Model # LRZ325MP
Alternate Part #'s LAR-15-418
With 60 years experience as the No. 1 selling brand of pool heaters – Jandy’s new Legacy Heater is designed for today’s discerning market. Available in two models, the Legacy LRZE (electronic ignition) heater features a technologically-advanced dual-thermostat control, and the LRZM (millivolt ignition) model features a single control with easy on/off switch.
Whichever model you select, it’s sure to provide years of dependable service. With our industry-leading 24-point quality check system, you can depend on Legacy’s performance and reliability year after year, season after season.
The Pool Sizing Guide shows the maximum pool surface area our Legacy models will heat based on the temperature difference between the air temperature during the coldest month the pool is used and the desired pool temperature. Figures are based on average wind conditions and average pool depth.

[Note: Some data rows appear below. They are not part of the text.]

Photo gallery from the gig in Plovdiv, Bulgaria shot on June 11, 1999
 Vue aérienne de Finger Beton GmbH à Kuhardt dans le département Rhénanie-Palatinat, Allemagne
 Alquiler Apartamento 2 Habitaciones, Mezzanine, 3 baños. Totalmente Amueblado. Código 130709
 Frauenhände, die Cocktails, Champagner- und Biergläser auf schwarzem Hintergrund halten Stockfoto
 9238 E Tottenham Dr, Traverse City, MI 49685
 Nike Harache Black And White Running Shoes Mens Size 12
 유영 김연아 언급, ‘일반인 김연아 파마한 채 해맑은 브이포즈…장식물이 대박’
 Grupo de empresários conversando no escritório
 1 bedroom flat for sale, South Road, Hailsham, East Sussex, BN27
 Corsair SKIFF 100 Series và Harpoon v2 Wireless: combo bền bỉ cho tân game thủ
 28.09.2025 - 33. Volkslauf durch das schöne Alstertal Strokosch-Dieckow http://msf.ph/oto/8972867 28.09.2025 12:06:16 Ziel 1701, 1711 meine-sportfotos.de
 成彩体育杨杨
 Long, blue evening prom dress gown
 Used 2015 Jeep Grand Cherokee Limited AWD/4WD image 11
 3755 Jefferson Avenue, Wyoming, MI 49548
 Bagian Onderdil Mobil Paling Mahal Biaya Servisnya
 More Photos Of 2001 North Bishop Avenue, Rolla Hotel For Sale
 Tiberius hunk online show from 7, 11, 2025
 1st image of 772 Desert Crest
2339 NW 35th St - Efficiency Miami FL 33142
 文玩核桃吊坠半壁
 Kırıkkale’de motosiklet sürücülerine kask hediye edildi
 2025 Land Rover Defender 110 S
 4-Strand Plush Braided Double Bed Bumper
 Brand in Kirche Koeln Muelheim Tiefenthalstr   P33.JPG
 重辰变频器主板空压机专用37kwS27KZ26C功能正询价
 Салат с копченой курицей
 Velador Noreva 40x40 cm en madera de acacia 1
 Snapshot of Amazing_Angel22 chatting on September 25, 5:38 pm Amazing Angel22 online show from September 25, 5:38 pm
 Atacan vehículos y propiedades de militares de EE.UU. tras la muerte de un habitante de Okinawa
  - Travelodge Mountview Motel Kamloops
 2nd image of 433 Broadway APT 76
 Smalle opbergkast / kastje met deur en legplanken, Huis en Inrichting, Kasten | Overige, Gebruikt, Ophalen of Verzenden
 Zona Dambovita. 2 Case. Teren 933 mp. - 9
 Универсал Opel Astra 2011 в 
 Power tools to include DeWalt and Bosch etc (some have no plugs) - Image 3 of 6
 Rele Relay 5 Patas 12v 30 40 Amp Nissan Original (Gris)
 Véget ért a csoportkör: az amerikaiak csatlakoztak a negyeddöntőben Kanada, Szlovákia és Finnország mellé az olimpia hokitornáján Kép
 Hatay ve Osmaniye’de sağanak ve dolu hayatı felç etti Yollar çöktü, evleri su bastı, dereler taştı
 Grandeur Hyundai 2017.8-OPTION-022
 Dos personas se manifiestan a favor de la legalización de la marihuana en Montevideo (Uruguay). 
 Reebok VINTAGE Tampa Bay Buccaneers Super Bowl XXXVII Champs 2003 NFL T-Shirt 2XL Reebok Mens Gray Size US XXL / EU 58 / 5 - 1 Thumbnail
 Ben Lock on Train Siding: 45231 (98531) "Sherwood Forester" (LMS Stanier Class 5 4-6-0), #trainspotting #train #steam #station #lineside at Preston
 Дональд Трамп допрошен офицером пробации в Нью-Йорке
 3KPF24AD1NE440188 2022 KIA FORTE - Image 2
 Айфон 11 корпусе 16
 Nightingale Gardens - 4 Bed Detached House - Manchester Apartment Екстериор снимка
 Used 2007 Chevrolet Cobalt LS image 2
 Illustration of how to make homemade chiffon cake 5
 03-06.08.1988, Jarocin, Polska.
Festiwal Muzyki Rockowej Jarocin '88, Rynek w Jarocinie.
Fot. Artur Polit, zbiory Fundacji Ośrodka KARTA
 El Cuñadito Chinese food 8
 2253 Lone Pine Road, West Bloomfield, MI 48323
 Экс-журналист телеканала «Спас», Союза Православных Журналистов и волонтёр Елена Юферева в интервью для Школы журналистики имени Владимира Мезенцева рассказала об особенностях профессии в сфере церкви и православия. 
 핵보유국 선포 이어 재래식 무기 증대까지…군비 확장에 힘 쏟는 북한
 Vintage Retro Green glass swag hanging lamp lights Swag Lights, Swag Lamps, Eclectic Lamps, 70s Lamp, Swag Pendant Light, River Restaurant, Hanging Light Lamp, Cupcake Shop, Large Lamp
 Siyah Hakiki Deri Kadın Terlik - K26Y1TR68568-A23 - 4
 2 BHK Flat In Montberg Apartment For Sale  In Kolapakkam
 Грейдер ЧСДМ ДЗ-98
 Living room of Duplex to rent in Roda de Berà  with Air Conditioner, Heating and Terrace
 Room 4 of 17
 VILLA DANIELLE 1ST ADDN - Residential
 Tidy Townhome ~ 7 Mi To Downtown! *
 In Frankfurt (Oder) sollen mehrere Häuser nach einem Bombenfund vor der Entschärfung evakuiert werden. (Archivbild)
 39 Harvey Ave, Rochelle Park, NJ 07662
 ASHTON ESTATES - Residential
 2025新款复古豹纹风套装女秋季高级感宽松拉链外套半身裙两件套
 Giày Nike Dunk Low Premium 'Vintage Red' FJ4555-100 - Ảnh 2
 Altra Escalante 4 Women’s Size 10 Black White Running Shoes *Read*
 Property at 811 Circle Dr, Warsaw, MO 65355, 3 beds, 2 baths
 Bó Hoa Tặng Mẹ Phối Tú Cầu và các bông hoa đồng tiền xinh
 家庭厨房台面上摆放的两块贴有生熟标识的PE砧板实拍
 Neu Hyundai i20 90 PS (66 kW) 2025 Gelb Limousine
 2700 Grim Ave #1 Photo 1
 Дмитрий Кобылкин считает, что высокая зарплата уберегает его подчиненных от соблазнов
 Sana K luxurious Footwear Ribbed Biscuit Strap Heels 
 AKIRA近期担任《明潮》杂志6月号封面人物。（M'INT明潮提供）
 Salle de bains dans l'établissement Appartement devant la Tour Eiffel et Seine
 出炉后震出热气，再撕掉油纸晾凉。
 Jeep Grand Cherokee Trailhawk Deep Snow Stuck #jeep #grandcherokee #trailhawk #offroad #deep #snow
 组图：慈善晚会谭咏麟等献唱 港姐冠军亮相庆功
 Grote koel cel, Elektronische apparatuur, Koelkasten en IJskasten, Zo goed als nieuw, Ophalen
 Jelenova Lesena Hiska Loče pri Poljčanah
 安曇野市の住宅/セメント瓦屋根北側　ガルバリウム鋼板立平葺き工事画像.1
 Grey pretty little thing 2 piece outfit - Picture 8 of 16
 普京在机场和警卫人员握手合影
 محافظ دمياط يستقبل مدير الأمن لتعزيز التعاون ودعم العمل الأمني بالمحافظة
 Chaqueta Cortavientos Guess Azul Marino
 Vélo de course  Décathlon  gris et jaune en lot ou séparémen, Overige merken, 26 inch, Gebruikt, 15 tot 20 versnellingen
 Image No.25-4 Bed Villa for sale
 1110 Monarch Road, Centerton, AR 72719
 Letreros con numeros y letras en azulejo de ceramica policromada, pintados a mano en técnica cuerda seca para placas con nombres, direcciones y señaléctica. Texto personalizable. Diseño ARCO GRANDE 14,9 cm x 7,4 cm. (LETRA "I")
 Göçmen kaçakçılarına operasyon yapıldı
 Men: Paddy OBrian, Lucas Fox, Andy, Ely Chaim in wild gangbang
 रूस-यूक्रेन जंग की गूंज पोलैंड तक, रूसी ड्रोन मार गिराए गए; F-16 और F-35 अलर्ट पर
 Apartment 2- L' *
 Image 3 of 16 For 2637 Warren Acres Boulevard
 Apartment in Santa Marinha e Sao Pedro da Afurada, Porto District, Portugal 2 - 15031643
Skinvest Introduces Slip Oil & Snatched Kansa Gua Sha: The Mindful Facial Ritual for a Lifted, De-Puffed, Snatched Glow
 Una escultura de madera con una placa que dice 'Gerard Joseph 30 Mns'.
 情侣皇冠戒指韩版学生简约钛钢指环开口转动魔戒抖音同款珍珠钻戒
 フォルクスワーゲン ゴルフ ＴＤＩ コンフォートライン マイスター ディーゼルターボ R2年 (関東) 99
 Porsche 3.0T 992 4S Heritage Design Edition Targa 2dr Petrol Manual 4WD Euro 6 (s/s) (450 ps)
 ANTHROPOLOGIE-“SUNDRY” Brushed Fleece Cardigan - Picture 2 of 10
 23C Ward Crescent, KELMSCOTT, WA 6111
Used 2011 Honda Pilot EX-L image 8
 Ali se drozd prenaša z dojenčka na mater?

The Spa Sizing Guide details the time required for each model to raise spa temperature by 30°F.
Replacement for Jandy Lite2™ heaters.
*ASME® Certified models available.
Will a gas heater operate at the low speed of a dual speed motor?
Probably not - Most gas heater will shut off at low GPM levels (20-40) to keep the heater cores from overheating - 20 for 200 BTUs, 40 for 400 BTUs. Depending on your pool system you might get these GPM levels at the low speed but generally these heaters must be run at the motor's high speed.
What is the difference between an Electronic and Millivolt ignition?
The basic answer is that Millivolt is the old style of ignition, using a standing pilot light. While the electronic ignition uses a spark start system like a gas grill. Electronic ignitions are more efficient in gas usage and also are better suited for high wind areas where a pilot light might get extinguished.
I was comparing the two types millivolt and electronic
Does the milivolt need any electric connection?
And the electronic ignition, can I just hook that to regular 110 outlet?
In reference to the 110V question, this is taken straight from the manual "The heater comes factory-wired intended for use with 240 Volt, 60 Hz AC field electrical supply. To use 120 Volt, 60 Hz AC requires rewiring of the heater." As for the millivolt question " This design has a constant pilot, sitting just below a small generator. This generator uses the heat of the pilot flame to generate small amounts of power (milli-voltage, or thousands of a volt). This trickle of power is then used to operate the rest of the system. The pilot operates at about 500 BTUH.The advantage of using millivolt ignition is that no electrical power needs to be supplied to the heater. The heater can therefore be located in areas where no electrical service is readily at hand, or where it would be prohibitively expensive to provide electric service.